[Opening Extracted material section]
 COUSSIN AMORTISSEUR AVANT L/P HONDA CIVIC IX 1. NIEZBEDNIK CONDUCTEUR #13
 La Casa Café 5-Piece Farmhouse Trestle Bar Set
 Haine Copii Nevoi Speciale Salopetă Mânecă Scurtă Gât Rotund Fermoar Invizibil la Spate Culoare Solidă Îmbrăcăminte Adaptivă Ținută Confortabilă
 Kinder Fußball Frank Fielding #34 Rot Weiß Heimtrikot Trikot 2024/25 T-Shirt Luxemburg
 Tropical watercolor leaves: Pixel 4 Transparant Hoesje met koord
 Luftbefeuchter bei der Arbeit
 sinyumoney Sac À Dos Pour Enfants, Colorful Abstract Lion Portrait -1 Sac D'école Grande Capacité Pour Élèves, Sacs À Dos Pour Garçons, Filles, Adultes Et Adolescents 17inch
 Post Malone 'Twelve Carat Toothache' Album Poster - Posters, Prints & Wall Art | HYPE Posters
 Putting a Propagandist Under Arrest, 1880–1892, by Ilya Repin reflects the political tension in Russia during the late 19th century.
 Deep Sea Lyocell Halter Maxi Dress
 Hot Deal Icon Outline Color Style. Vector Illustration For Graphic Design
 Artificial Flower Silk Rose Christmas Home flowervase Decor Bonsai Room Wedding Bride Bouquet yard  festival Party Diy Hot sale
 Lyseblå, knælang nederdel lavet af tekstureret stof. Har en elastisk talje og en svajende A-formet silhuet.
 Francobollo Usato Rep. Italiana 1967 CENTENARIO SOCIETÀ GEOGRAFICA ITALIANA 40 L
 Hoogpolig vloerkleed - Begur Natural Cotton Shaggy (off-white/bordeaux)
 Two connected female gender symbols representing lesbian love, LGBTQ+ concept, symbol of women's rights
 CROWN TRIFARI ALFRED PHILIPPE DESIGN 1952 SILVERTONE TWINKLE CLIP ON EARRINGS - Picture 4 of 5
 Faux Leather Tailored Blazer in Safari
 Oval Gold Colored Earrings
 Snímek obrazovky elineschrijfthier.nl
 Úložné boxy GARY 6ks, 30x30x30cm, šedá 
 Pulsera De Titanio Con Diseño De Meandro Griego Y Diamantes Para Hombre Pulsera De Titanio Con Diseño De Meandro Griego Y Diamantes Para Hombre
[Closing Extracted material section]
In your answer, repeat each of the records exactly.

[Answer to this problem]
 COUSSIN AMORTISSEUR AVANT L/P HONDA CIVIC IX 1. NIEZBEDNIK CONDUCTEUR #13
 La Casa Café 5-Piece Farmhouse Trestle Bar Set
 Haine Copii Nevoi Speciale Salopetă Mânecă Scurtă Gât Rotund Fermoar Invizibil la Spate Culoare Solidă Îmbrăcăminte Adaptivă Ținută Confortabilă
 Kinder Fußball Frank Fielding #34 Rot Weiß Heimtrikot Trikot 2024/25 T-Shirt Luxemburg
 Tropical watercolor leaves: Pixel 4 Transparant Hoesje met koord
 Luftbefeuchter bei der Arbeit
 sinyumoney Sac À Dos Pour Enfants, Colorful Abstract Lion Portrait -1 Sac D'école Grande Capacité Pour Élèves, Sacs À Dos Pour Garçons, Filles, Adultes Et Adolescents 17inch
 Post Malone 'Twelve Carat Toothache' Album Poster - Posters, Prints & Wall Art | HYPE Posters
 Putting a Propagandist Under Arrest, 1880–1892, by Ilya Repin reflects the political tension in Russia during the late 19th century.
 Deep Sea Lyocell Halter Maxi Dress
 Hot Deal Icon Outline Color Style. Vector Illustration For Graphic Design
 Artificial Flower Silk Rose Christmas Home flowervase Decor Bonsai Room Wedding Bride Bouquet yard  festival Party Diy Hot sale
 Lyseblå, knælang nederdel lavet af tekstureret stof. Har en elastisk talje og en svajende A-formet silhuet.
 Francobollo Usato Rep. Italiana 1967 CENTENARIO SOCIETÀ GEOGRAFICA ITALIANA 40 L
 Hoogpolig vloerkleed - Begur Natural Cotton Shaggy (off-white/bordeaux)
 Two connected female gender symbols representing lesbian love, LGBTQ+ concept, symbol of women's rights
 CROWN TRIFARI ALFRED PHILIPPE DESIGN 1952 SILVERTONE TWINKLE CLIP ON EARRINGS - Picture 4 of 5
 Faux Leather Tailored Blazer in Safari
 Oval Gold Colored Earrings
 Snímek obrazovky elineschrijfthier.nl
 Úložné boxy GARY 6ks, 30x30x30cm, šedá 
 Pulsera De Titanio Con Diseño De Meandro Griego Y Diamantes Para Hombre Pulsera De Titanio Con Diseño De Meandro Griego Y Diamantes Para Hombre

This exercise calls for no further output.